Mike Pence Talks Border Security as He Visits an ICE Field Office in Atlanta

(ATLANTA) — Vice President Mike Pence’s visit Thursday to Atlanta included a stop at the Immigration and Customs Enforcement’s field office and a conversation about the “broader mission of border security.”

He also blasted Mayor Keisha Lance Bottoms over her decision last year to bar the city jail from holding federal immigration detainees and thanked the men and women who work for ICE.

Pence highlighted some of the ICE arrests made in the area, including one Wednesday night in Riverdale, Georgia, news outlets reported.

“Atlanta and Georgia are safer today because of the outstanding work of the men and women of ICE in Georgia,” Pence said.

The visit also comes amid President Donald Trump’s declaring a “national emergency” at the U.S.-Mexico border in an attempt to get more than $8 billion for a border wall — a move Congress tried to block last week. Trump has vetoed Congress’ move.

After Bottoms terminated the city’s relationship with ICE, the federal agency entered into an agreement with a private facility in Clayton County to house detainees. There are three other detention centers in Georgia, hours away from Atlanta, in Lumpkin, Ocilla and Folkston.

“It is amazing to think the mayor actually said — in her words — she would not be complicit in an immigration policy that intentionally inflicts misery,” said Pence, flanked by Gov. Brian Kemp, U.S. Sen. David Perdue and U.S. Rep. Doug Collins.

“I would say to the mayor that criminal illegal immigrants — gang members on our streets — are what inflict misery. The flow of illegal drugs like cocaine and meth and fentanyl inflict misery and wreck our families and communities. Human trafficking inflicts misery.”

The mayor has said her move was prompted by the Trump administration’s “zero-tolerance” immigration policy on the southwest border, which led to the separation of many immigrant families last year.

“If there are politicians whose family values include ripping children from their parents’ arms,” she said in a statement Thursday, “I fundamentally disagree and believe my decision to end that agreement fully reflects my values.”

Pence took aim at Bottoms on his way to a campaign fundraiser for Perdue, who is up for re-election next year. Among Perdue’s possible Democratic challengers is Stacey Abrams, a former Georgia House minority leader who narrowly lost the race for governor against Kemp last year. After Bottoms signed her executive order last year, a spokeswoman for Abrams commended the mayor’s “efforts to combat the impact of the administration’s cruel and inhumane family separation policy.

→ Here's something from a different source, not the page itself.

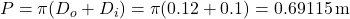 P = \pi(D_o + D_i) = \pi(0.12 + 0.1) = 0.69115 \, \text{m}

Anyone who stands against keeping families together lacks any kind of moral compass.”

Pence also sought to link what is happening on the southwest border, including the flow of illegal drugs and human trafficking, to Atlanta.

“I don’t have to tell any of the ICE agents gathered here that we have a crisis on our southern border,” he said. “That crisis on our southern border is driving drugs and crime and human trafficking here in the streets of Atlanta.”

“Walls work and we are going to build that wall,” Pence said. “We are going to secure our border, and we are going to continue to support the men and women of ICE here in Georgia and all across the country.”